### PROMPT:
Only one stretch of the data should be retyped: the lines from the line containing "Szimbólum Taurus Zodiac" through the line containing "Детский лонгслив 3D". Keep pictures out of it.

--- DATA PROVIDED Enclosed Below ---

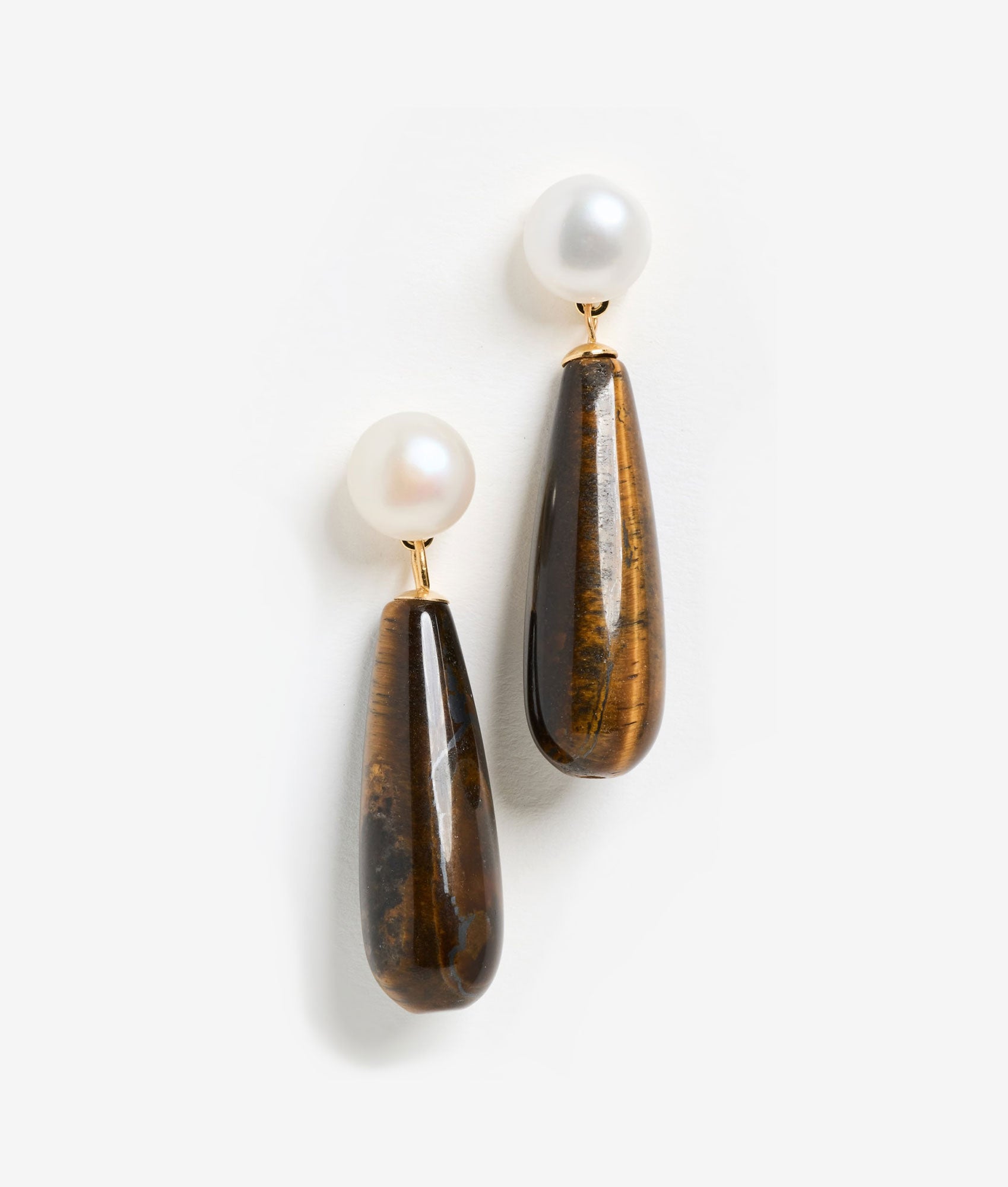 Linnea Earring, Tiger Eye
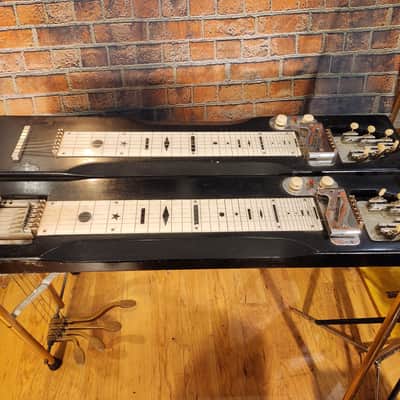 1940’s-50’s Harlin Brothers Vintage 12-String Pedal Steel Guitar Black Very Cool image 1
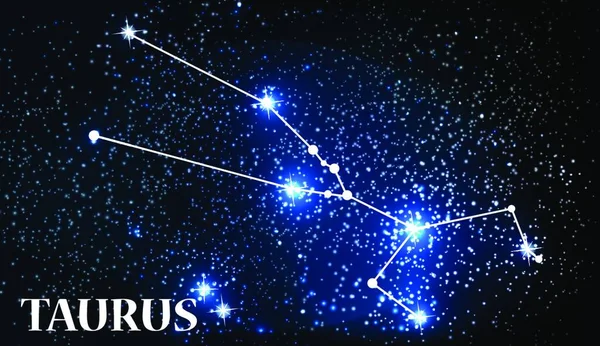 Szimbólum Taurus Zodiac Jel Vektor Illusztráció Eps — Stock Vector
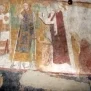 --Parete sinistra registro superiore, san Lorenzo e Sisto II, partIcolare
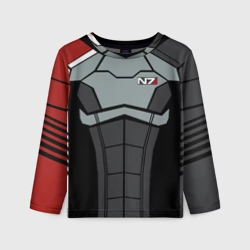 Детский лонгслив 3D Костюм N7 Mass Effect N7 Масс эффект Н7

--- End of Enclosed DATA PROVIDED ---
--- DATA PROVIDED Enclosed Below ---

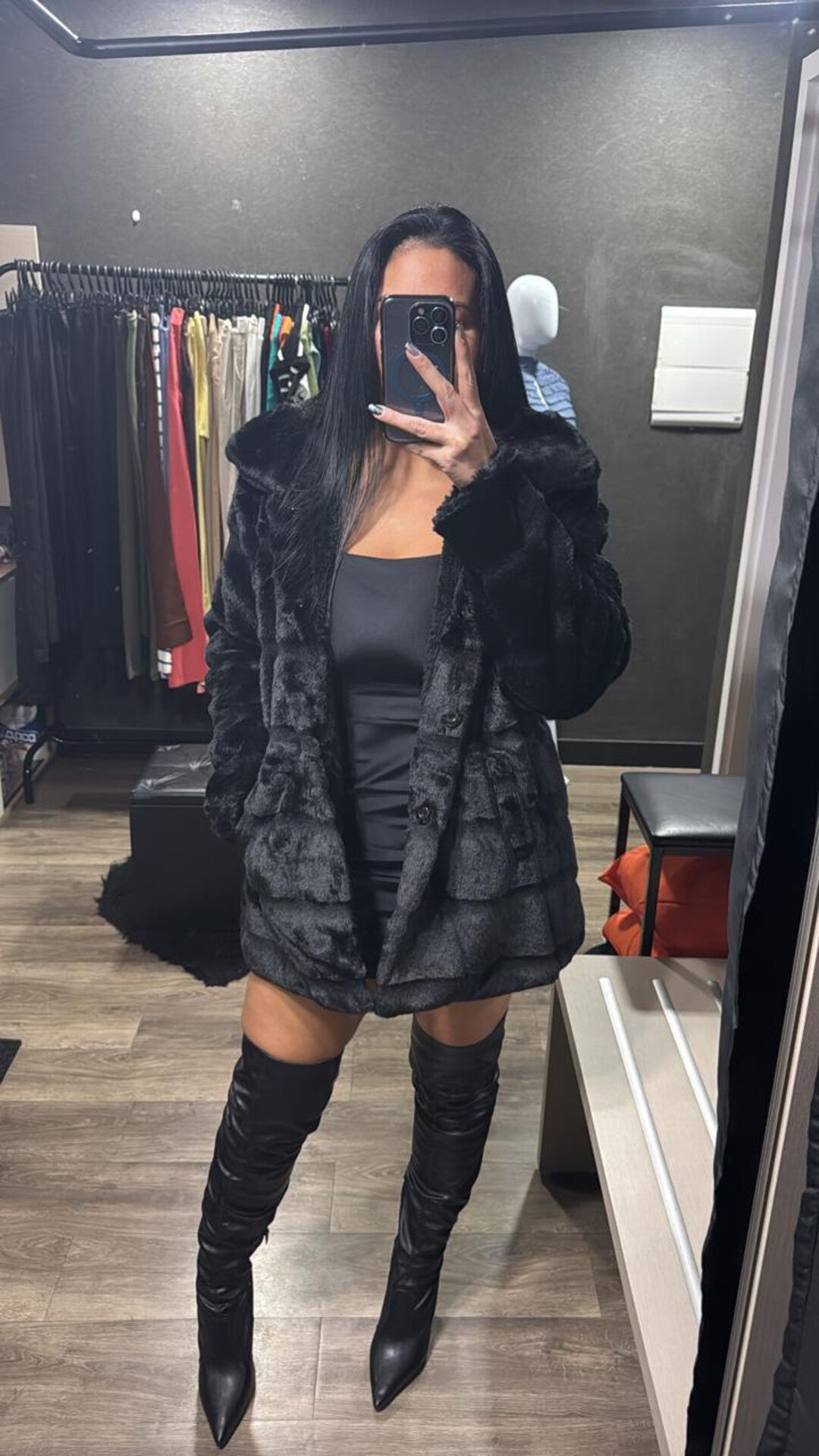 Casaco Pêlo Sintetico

--- End of Enclosed DATA PROVIDED ---

### COMPLETED TASK:
 Szimbólum Taurus Zodiac Jel Vektor Illusztráció Eps — Stock Vector
 --Parete sinistra registro superiore, san Lorenzo e Sisto II, partIcolare
 Детский лонгслив 3D Костюм N7 Mass Effect N7 Масс эффект Н7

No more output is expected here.